2 replies on “Where did our love go?

  1. Great blog as always Barry. My feeling is that most clients drop out when the therapy is drifting and they aren’t getting what they need. Most clients see therapists as ‘experts’ (no matter how humanistic we are) so it can be hard to say they aren’t getting their therapeutic needs met (unless asked). Most therapists are also nice people (I have met some who aren’t !- but that’s rare) so my guess is that many clients also feel bad about saying “this isn’t working for me”. I have found the solution is very much as you suggest, checking in how the therapies going, are we talking about the right area’s ?, is it helpful ? If so how is it helpful?.

    Another aspect I think is very important is being flexible to clients changing circumstances where possible. As Erving Yalom says ‘Boundaries need to be established and respected, but when the situation requires it, we must be willing to be flexible, creative, and individualised with the therapy we offer’ (The Gift of Therapy 2002) To give an example I recently changed three clients session times because their work situations had all changed (2 had got jobs, the others job location changed). If I hadn’t done so, my guess is all three would have been unable to continue, all continued therapy and are progressing well. All that required was me working slightly later one evening of a work day (I took an extra hour off in the morning) I could have said ‘no these are the times I work’ while strong boundaries are very important, sometimes ‘boundaries’ can also end up being barriers’.

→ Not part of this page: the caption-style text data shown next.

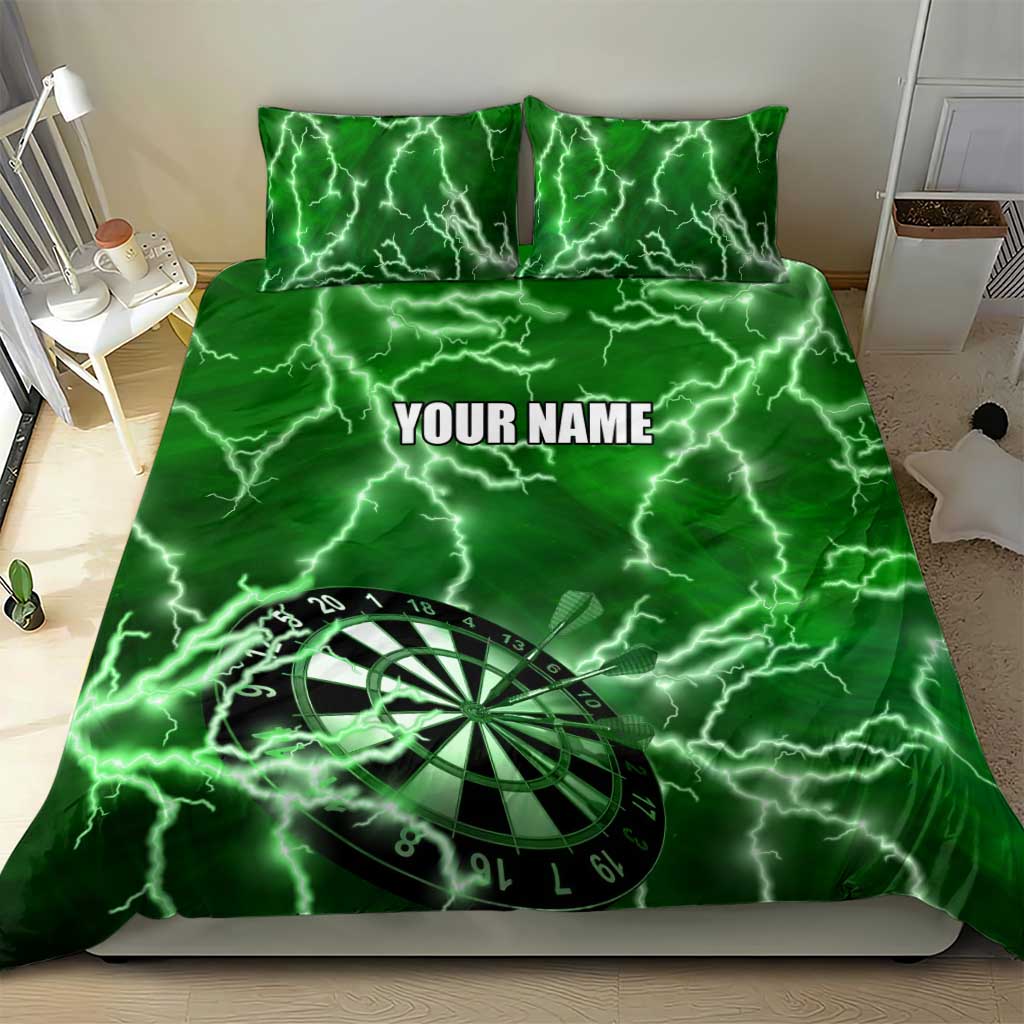 Personalized Darts Lightning Green Storm Bedding Set with Electric Energy Pattern and Dartboard Graphics - Wonder Print Shop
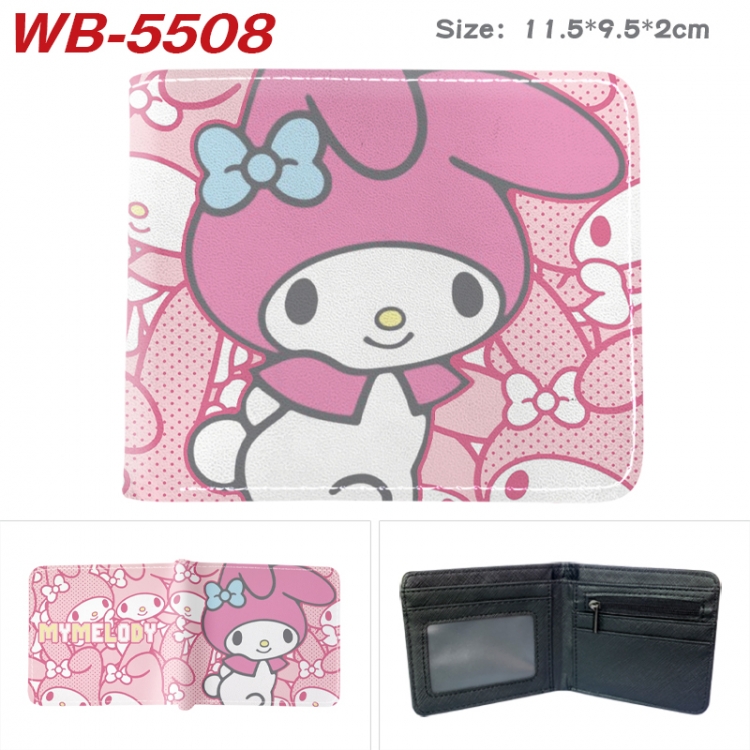 sanrio Animation color PU leather half fold wallet 11.5X9X2CM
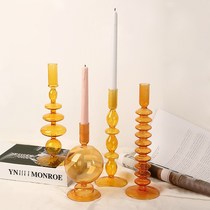 Nordic Wind Color Glass Candle Holders Home Wedding Wedding Candlelight Dinner with Decorative Pendulum set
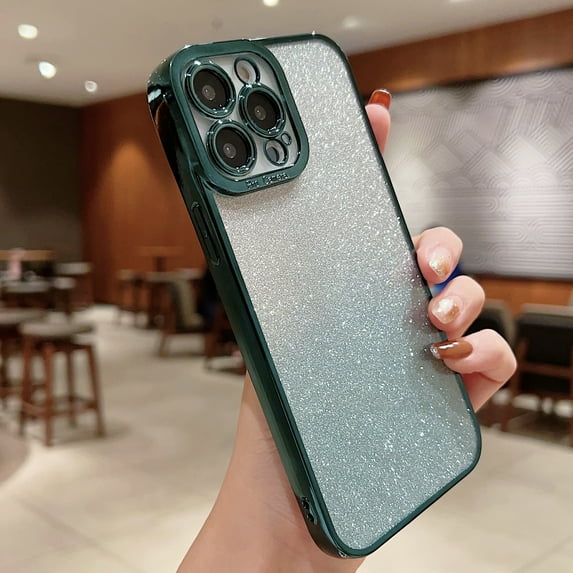 Allytech Compatible with iPhone 13 Pro Max Case (2021), Glitter Sparkly Shiny Bling Rubber Gel Slim Shell for Women Girls Camera Protective Case for iPhone 13 Pro Max 6.7" 5G, Darkgreen
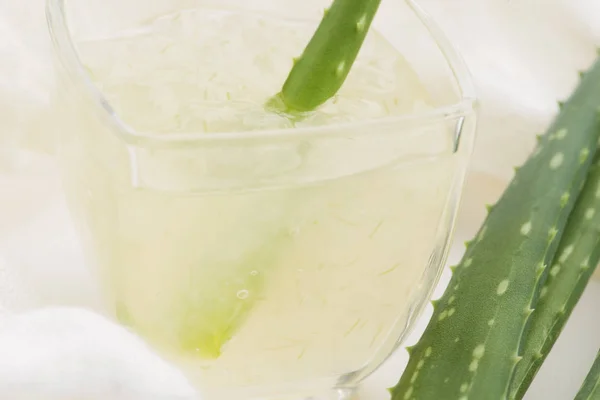 Glassware with fresh aloe vera juice and leaves — Stock Photo, Image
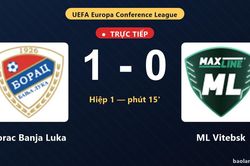 TRỰC TIẾPTrực tiếp Borac Banja Luka vs ML Vitebsk: Borac Banja Luka mở tỷ số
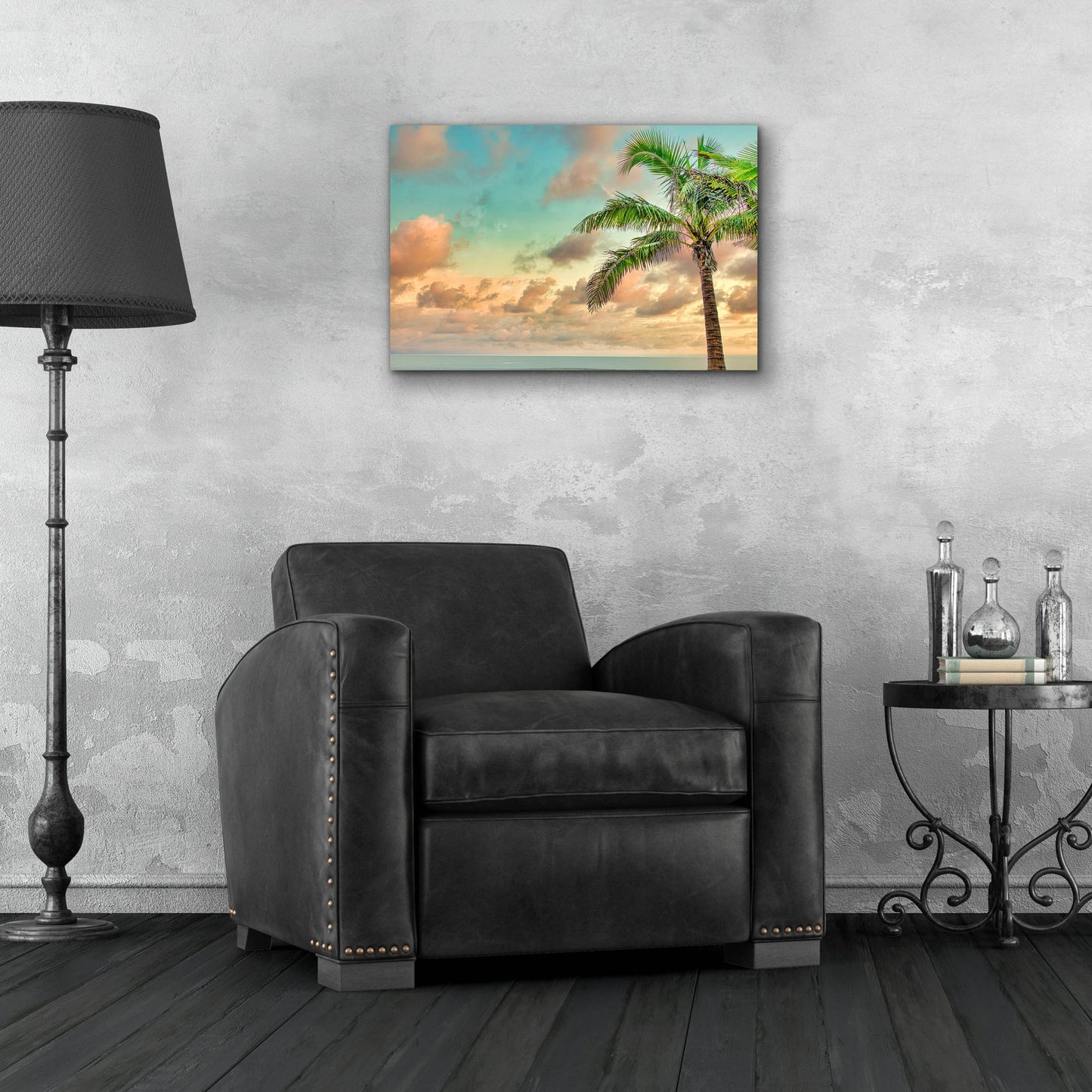 Epic Art 'Colombia Palm Sunset' by Mark A Paulda, Acrylic Glass Wall Art,24x16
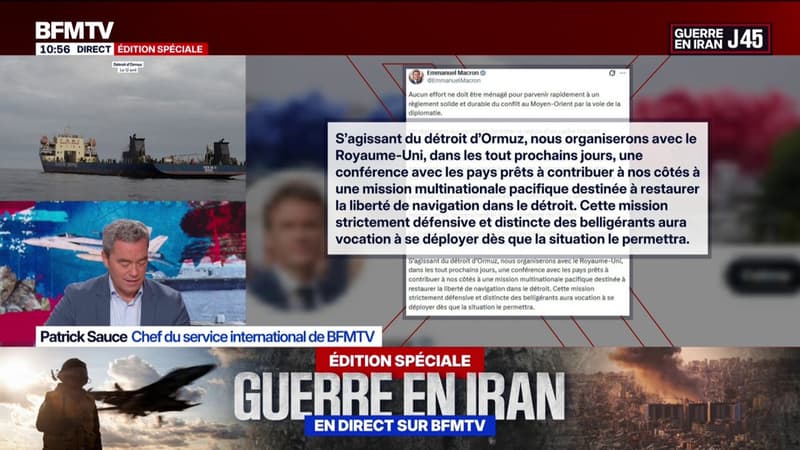 Emmanuel Macron annonce que la France co-organisera une conférence sur le détroit d'Ormuz dans les "prochains jours"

  2. Thanks for your comments Graeme. I completely agree with your thoughts on clients reluctance to challenge us. There’s a power imbalance that we need to be mindful of at work, whether we like it or not.

    Yalom has it exactly right. Boundaries for the sake of boundaries serve no purpose. Many of my clients work shifts and regular appointments are nigh on impossible. I’m really pleased you’re willing and able to flex. We need more responsiveness of this kind!